The signal space projection technique [45] was used for the analysis of the MEG data. The interval used for the ECD fit (~30 ms) was placed around the local maximum of the N1 component of the AEF. The N1 dipolar sources evoked by B-tones of the ABA-triplets were less variable across conditions compared to the P1, P2 or N2 sources and, thus, provided a better signal-to-noise ratio. Each N1 dipole parameter was represented by the average of all data points (30 ms interval) around the maximum of the Global Field Power of the magnetic field calculated across the respective subsets of channels. Thereafter, the source space projection method was applied to calculate the components of the transient evoked response (P1, N1, P2 and etc.) [45]. For each participant and condition, two ECDs (one in each hemisphere) were determined by their dipole moment, orientation and spatial coordinates (a goodness of fit larger than 90% was imposed), a technique justified by other authors (e.g. see [29, 46–48]).

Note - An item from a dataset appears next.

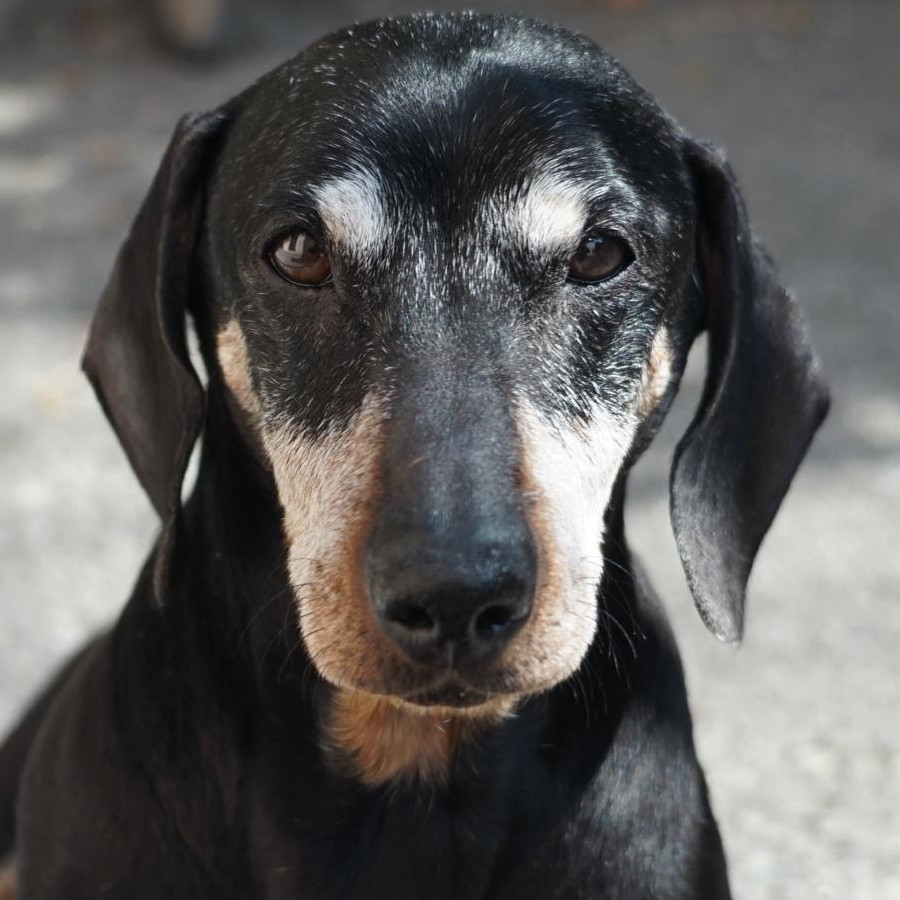 SIRIUS | Raza Dachshund o Salchicha  | Perdido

A time window of 30 ms was placed around the individual peaks of P1 and N1 of the calculated AEFs in order to collect their amplitudes and latencies for further statistical analysis. Two participants in which the expected N1-responses could not be fitted into two dipoles were excluded from further analysis hence the responses of eleven participants were entered into statistics. The averaged amplitudes and latencies of P1 and N1 components at the 30 ms interval were then entered into repeated measures ANOVA with the within-subject factors Hemisphere (Left, Right) and Conditions (0-, 2-, 4- and 10-semitones). When significant, post hoc pairwise comparisons were performed using paired-samples t-tests. Bonferroni correction was applied for all analyses.
Results
Time-frequency data
Interactions between the spectral distribution of the ABA-structure and A- and B-streams
The polyrhythmic structure used in the present study consisted only of two tones (A and B) organized as an asymmetric ABA-triplet. These two tones could form different rhythms, depending on the listener’s current perceptual state [49]. This perceptual state is directly influenced by the inter-tonal frequency separation between the A- and B-tones. Therefore, when the perception is integrated as an ABA-stream, one would expect to capture the corresponding presentation frequencies into the spectrum. Conversely, in case of segregation (streaming), one should be able to capture, separately, the temporal distribution of the A- and B-streams in the spectrum. Hence, by varying the inter-tonal frequency separations, we expected to access integrated versus segregated percepts in the time-frequency spectrum.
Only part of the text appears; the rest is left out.